-Karaağaç'tan trene bindim. Geçirmeye gelenler arasında, Yaşar Hoca, Salim Arıcı, Hüseyin Top, İsmail Gönülalan ve diğer bazı dostlar vardı. Salim Arıcı, Üçşerefeli'nin baş imamıydı. Bana bir çıkın hazırlatıp vermişti. İçinde peksimet gibi şeyler vardı. O mendili senelerce sakladım. Çünkü ondan böyle bir jest beklemiyordum. Hatta, bana 'Askerden sonra da Edirne'ye gel, beraber çalışalım' demişti. Hayretten donakaldım. Zira o güne kadar hep bana karşı soğuk davranmıştı.

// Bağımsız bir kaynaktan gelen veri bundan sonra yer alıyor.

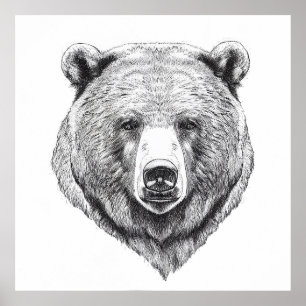 Bear Grizzly Wild Nature Animal Illustration Art Poster
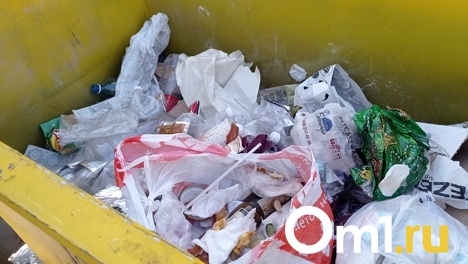 В Новосибирске предложили оптимальные технологии переработки отходов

-Ankara Mamak’a teslim olduğumda zannediyorum 10 Kasım'dı. Mehmed Mutlu o zamanlar üsteğmendi. Zaten yarbaylıktan da emekli oldu. Bizim bölük komutanı Yılmaz Bey, onun Harbiye'den arkadaşıymış ve gelip beni bölük komutanına lanse etti. Ayrıca Kurmay Başkanı Reşad Taylan'a ben de Edirne'deki bir yakınından selam getirmiştim. Hatta benimle ona badem ezmesi göndermişlerdi. Cenabı Hakk'ın inayetiyle böyle korunmaya alındım.
-Mamak bir garip yerdir. 1. Tabur, 1. Muharebe bölüğü.. Benden iki yaş büyük amcam da burada askerlik yapmış.
-Bir gün talim yapıyoruz. Bölük komutanı beni çağırarak 'Hoca sen misin' dedi. 'Evet' dedim. İlave etti: 'Benim hanımım hasta. Getireyim de ona bir oku!' dedi. Ben 'Ben öyle okuma filan bilmem. Eğer siz okumanın tesirli olacağına inanıyorsanız sizin okumanız muvafık olur' dedim. Meğer beni deniyormuş ve ben de itikadımın mükâfatını gördüm. Bölük komutanı beni belli ölçüde korudu. Rahat edeyim diye de beni telsizci yaptılar. Tabii kurs görmek için dört ay daha kaldık. Ankara'da kaldığım dönem benim için çok sıkıntılı oldu.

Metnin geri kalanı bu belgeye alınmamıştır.